Before we can fine-tune a pretrained model, we need to download a dataset and prepare it for training. We are going to use the Yelp dataset for fine-tuning. 

This dataset is a subset of businesses, reviews and user data.

The dataset contains text and the corresponding label (1-5 stars).



In [None]:
from datasets import load_dataset
dataset = load_dataset("/Users/JENSAM/GIT/edc22-nlp/data/yelp_review_full.py", cache_dir='/Users/JENSAM/GIT/edc22-nlp/data') 
dataset 

Let's take a look at an example

In [None]:
dataset["train"][99]

Remember we need to process the text using a tokenizer, we will use padding and truncation to handle any variations in the sequence lengths. 

In [None]:
from transformers import AutoTokenizer

tokenizer = AutoTokenizer.from_pretrained("bert-base-cased")


def tokenize_function(examples):
    return tokenizer(examples["text"], padding="max_length", truncation=True)

tokenized_datasets = dataset.map(tokenize_function, batched=True)



To reduce the time it takes for training we can create smaller subsets of the full dataset for fine-tuning

In [None]:
small_train_dataset = tokenized_datasets["train"].shuffle(seed=42).select(range(1000))
small_eval_dataset = tokenized_datasets["test"].shuffle(seed=42).select(range(100))

In [None]:
small_train_dataset[99]

In [None]:
small_eval_dataset

## Train
We will be using Hugging Face Transformers Trainer class for training.
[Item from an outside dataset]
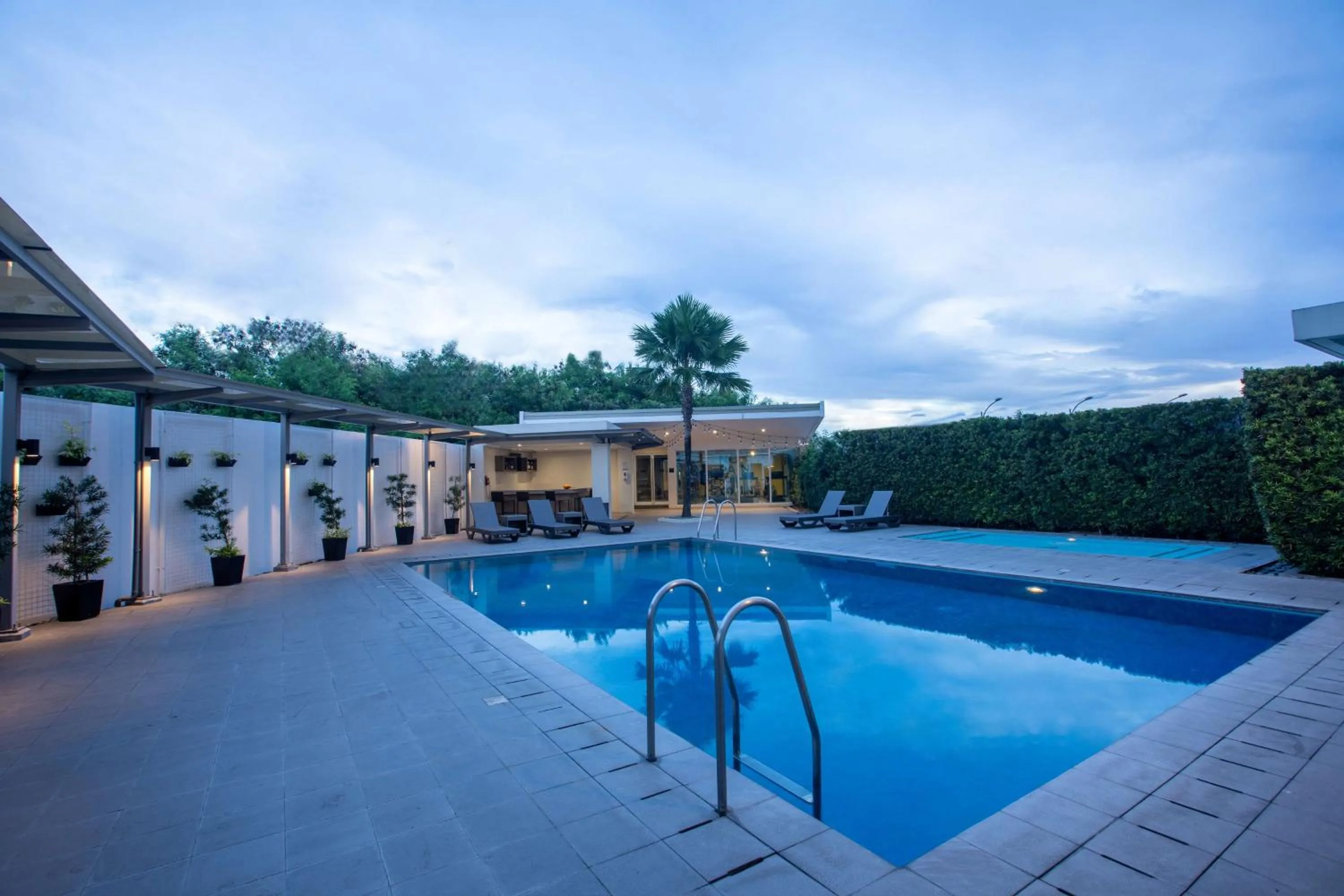 Swimming pool in Park Inn By Radisson Clark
The API supports a wide range of training options & features.

First we need to load the model we are going to fine-tune for a classifcation task).

In [None]:
from transformers import AutoModelForSequenceClassification
model_name = "bert-base-cased" 
model = AutoModelForSequenceClassification.from_pretrained(model_name, num_labels=5)


Think about what this warning is telling us ...
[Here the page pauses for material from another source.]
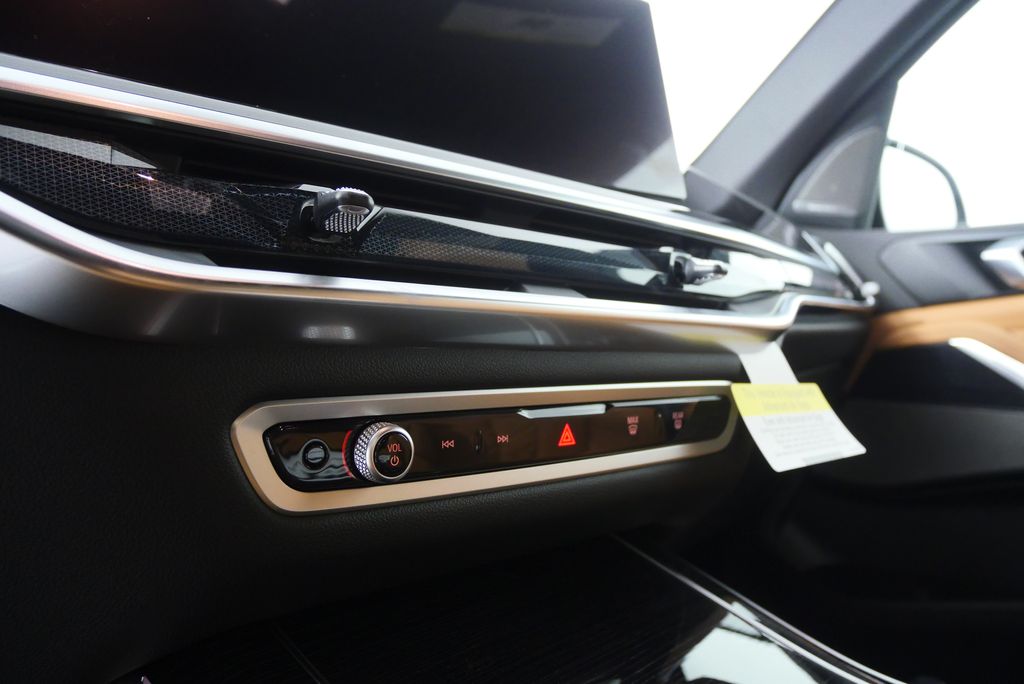 Thumbnail: 2026 BMW X5 - 20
We need to specify where to save the training checkpoints using the TrainingArguments class, this class contains all the hyperparameters

In [None]:
from transformers import TrainingArguments

training_args = TrainingArguments(output_dir="test_trainer")

To evaluate our models performance we need to pass the Trainer a function for computing and reporting the metrics, you can load different metrics with the load_metric function (e.g. accuracy, precision, recall, f1).

In [None]:

import numpy as np

from datasets import load_metric

metric = load_metric("accuracy")

Next is a call to the compute method on metric to calculate the prediction accuracies. Predictions must first be converted to logits, which are the raw predictions of the last layer of the neural network.
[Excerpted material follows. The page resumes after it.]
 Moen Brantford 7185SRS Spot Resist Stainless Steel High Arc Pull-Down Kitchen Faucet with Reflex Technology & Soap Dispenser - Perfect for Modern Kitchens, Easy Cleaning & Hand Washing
We use the Argmax and SoftMax functions to make the output values from the neural network be between 0 and 1.
The Argmax function interprets the largest positive output value as 1 and all other values as 0. This gives us the predicted class.
The SoftMax function gives us the probabilities for the predicted class.

In [None]:
def compute_metrics(eval_pred):
    logits, labels = eval_pred
    predictions = np.argmax(logits, axis=-1)
    return metric.compute(predictions=predictions, references=labels)

To monitor the evaluation metrics during fine-tuning we need to specify an evaluation_strategy parameter in the training arguments, in this case at the end of an epoch.

In [None]:
from transformers import TrainingArguments, Trainer

training_args = TrainingArguments(output_dir="test_trainer", num_train_epochs=3, evaluation_strategy="epoch")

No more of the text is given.